What's that saying you can't teach an old dog new tricks? BAH!
*Note: Although sitting is often one of the first things humans seem to teach dogs, in the sleddie world, this and similar movements are taught with some extra care, especially for the seniors. Not all dogs come with vet records, and if they do, they can be pretty limited so some level of arthritis is a given. But depending on the severity (along with any other undiagnosed joint and spine issues) sitting can be difficult, painful or even impossible. So if new-into-care sleddies aren't quite learning this new ask, it's not because they aren't smartie-pants, it could likely be pain related.
Before we headed off to the park though we took a moment in my yard to chat, I sat down and Troy came over and I gave him some scritches while he sniffed my face and head. I brought out the treat baggie and the results were: Dried fish snacks? Sure! Soft Milk Bones? Maybe. Stella & Chewy's Surf n' Turf? YES PLEASE!!
Golden Oreos? Nah.
Then off we went with Troy's nose to the ground.
Boy this guy likes to sniff. And rightly so... living life on a chain as a working sled dog meant his sniffing world was very small.
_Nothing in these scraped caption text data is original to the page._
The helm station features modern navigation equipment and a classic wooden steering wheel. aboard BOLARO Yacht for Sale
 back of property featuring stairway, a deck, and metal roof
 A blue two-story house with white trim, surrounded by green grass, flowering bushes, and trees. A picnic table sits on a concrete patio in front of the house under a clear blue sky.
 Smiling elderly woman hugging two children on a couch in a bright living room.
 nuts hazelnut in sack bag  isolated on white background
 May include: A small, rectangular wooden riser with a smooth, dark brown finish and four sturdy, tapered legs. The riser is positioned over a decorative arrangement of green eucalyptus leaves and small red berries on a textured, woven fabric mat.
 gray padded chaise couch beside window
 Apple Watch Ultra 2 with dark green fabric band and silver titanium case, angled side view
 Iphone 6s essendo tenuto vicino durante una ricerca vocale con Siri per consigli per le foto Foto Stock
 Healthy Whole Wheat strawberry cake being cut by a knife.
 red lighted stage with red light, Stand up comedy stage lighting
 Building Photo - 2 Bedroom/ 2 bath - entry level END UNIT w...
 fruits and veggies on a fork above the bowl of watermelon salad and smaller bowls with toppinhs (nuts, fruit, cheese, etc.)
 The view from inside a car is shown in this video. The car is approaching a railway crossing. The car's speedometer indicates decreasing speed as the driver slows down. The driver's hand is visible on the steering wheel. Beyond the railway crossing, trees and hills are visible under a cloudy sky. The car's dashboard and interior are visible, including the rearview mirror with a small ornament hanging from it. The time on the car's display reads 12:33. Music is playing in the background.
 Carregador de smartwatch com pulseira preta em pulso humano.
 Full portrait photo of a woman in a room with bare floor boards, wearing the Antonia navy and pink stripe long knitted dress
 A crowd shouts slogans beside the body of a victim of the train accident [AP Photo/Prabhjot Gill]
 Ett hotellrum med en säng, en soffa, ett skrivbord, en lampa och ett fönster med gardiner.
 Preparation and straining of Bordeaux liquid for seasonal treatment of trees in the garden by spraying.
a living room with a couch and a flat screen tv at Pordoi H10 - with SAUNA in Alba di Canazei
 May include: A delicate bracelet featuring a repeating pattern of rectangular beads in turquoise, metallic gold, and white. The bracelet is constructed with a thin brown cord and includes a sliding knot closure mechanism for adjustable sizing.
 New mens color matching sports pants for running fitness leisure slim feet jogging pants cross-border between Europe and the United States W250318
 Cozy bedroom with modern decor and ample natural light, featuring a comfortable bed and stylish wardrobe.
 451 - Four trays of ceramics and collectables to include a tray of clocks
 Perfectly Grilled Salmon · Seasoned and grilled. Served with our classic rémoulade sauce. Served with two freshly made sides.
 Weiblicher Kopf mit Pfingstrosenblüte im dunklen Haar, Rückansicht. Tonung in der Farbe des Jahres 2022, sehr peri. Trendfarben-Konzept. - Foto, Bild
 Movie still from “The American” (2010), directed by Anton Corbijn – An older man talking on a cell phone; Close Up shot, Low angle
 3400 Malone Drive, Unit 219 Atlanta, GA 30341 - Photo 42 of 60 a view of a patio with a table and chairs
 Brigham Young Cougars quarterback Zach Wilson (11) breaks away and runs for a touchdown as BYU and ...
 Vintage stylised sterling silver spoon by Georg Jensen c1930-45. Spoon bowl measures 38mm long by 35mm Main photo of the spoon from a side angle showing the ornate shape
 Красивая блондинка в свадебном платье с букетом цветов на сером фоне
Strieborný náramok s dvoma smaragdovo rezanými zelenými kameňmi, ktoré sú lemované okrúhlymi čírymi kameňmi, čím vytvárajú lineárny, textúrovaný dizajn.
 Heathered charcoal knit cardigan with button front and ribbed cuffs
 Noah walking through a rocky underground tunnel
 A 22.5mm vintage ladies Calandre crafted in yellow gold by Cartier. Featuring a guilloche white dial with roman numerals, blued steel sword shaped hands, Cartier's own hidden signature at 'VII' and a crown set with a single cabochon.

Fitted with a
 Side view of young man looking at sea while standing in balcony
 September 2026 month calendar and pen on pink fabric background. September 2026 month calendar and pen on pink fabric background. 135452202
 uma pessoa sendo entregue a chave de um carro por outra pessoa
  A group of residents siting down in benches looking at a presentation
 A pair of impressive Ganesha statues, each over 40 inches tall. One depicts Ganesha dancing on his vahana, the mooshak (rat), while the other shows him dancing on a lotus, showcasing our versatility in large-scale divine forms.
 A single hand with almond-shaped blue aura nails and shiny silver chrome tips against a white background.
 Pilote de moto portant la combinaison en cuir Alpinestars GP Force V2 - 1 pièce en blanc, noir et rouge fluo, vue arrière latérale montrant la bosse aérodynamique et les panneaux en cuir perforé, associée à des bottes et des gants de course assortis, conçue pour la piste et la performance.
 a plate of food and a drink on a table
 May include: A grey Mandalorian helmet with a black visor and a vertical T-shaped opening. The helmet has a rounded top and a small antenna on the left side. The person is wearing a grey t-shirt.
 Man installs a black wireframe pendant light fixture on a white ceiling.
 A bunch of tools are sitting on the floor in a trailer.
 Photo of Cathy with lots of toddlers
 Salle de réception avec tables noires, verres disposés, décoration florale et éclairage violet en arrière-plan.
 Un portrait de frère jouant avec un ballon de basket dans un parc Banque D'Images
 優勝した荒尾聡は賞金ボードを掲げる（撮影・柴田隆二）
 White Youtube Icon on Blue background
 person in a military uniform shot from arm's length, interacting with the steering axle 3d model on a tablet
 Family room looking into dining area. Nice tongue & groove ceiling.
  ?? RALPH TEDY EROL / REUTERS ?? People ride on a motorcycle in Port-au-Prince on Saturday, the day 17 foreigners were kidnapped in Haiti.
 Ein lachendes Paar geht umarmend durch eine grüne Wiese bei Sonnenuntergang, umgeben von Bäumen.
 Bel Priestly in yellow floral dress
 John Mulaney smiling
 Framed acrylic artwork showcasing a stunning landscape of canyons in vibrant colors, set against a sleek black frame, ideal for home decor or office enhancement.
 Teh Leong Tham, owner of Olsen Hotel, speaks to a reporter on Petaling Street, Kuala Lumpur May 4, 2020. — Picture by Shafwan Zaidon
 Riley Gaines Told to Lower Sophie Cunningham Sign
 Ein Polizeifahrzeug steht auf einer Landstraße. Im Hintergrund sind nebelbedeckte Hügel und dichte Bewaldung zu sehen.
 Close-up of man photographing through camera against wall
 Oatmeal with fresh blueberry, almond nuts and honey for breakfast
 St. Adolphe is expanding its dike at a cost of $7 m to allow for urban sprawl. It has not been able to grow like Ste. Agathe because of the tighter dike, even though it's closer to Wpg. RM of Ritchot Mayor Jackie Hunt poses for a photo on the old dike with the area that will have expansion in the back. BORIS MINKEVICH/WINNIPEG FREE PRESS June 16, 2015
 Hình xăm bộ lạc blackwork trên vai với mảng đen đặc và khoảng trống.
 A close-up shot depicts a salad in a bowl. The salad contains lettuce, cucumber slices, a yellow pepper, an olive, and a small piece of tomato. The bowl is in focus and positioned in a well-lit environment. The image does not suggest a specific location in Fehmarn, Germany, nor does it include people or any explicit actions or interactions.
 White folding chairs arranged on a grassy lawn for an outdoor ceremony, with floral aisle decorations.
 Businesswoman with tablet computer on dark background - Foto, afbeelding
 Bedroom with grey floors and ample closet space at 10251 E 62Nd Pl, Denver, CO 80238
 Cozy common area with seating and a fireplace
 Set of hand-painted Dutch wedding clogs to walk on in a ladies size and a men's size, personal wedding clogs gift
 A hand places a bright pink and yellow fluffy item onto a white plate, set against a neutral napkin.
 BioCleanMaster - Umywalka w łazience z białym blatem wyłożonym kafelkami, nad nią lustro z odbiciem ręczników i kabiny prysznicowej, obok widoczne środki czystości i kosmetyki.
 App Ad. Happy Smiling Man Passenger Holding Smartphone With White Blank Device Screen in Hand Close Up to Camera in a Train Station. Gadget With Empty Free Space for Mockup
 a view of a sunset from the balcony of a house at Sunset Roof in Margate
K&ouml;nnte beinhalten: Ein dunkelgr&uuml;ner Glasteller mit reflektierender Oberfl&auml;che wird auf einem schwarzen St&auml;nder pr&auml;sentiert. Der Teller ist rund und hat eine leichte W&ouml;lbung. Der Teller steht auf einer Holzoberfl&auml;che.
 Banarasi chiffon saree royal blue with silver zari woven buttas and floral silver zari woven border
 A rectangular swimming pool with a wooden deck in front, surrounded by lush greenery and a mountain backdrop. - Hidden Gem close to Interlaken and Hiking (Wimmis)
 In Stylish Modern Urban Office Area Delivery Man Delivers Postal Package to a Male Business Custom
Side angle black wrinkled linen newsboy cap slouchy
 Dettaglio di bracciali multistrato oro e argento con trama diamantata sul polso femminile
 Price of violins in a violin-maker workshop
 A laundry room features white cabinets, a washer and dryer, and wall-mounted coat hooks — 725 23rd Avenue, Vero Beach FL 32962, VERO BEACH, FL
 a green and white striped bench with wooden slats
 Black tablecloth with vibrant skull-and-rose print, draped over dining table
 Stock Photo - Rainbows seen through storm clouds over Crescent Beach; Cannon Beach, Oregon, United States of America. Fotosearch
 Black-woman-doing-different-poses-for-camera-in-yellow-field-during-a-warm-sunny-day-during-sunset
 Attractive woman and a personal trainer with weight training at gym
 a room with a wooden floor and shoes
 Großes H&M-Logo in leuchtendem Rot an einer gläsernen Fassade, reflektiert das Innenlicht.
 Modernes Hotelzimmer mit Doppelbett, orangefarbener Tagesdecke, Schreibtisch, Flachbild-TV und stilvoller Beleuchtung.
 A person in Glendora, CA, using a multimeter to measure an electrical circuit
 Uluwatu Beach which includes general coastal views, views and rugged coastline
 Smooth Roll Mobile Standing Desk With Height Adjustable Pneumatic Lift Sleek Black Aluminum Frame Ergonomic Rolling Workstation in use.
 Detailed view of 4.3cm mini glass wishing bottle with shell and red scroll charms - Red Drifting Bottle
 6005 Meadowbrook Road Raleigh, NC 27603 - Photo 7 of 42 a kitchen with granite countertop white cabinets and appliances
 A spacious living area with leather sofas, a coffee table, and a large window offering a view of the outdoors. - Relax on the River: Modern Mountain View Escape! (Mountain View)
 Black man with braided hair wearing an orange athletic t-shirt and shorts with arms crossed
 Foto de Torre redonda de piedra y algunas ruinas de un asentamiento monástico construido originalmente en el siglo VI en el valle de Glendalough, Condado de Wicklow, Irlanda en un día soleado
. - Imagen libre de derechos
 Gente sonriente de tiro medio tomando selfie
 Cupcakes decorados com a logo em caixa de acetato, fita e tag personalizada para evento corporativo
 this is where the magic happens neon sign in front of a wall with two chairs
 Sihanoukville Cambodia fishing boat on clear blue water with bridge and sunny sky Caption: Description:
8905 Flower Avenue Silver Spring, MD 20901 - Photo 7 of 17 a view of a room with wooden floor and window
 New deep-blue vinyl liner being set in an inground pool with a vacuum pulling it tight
But now, at 9 years old, this guy has the opportunity to sniff this big, wide world of ours and it looks like he's gonna make up for lost time!
During today's short visit, Troy eagerly sniffed the park pathway where all the dogs pee when they arrive at the park. Also, the walkway, the brambles, the grass by the rocks, the rocks, the top of ocean, the actual ocean (as he stuck his nose in the water), the otter in the distance eating a fish, the birds above and in the water, some new strange humans and dogs, and then once back at my house, a good sniff of my backyard where he peed on all my dog's favourite pee spots!
Today's adventure also included a blackberry thorn removal from above bramble sniffing (see photo 5) and scritches. Troy loves scritches. He loves them on his face, chest and even the top of his head, especially when you use your fingertips like an octopus (see photo 13).
I think though, the moment that best describes this outing was the one where he stood still and turned his face to the warmth of the sun, eyes closed. (photo 27)
Maybe I'm putting my human-ness on this action, but he looked pretty blissed out there for a moment.
I'm incredibly grateful that I got to meet this fella because although he's come from a different kennel than many of the 200+ sleddies I've met, he's yet another former sled dog proving that he's an individual with his own likes, dislikes, needs and personality. I can only imagine how big his world will continue to get now that he has the opportunity, along with a huge community of former sled dog adopters behind him, cheering him on. 100%.
Troy is in foster with super-sleddie adopter/foster Deb, but is adoptable through the SPCA in Victoria.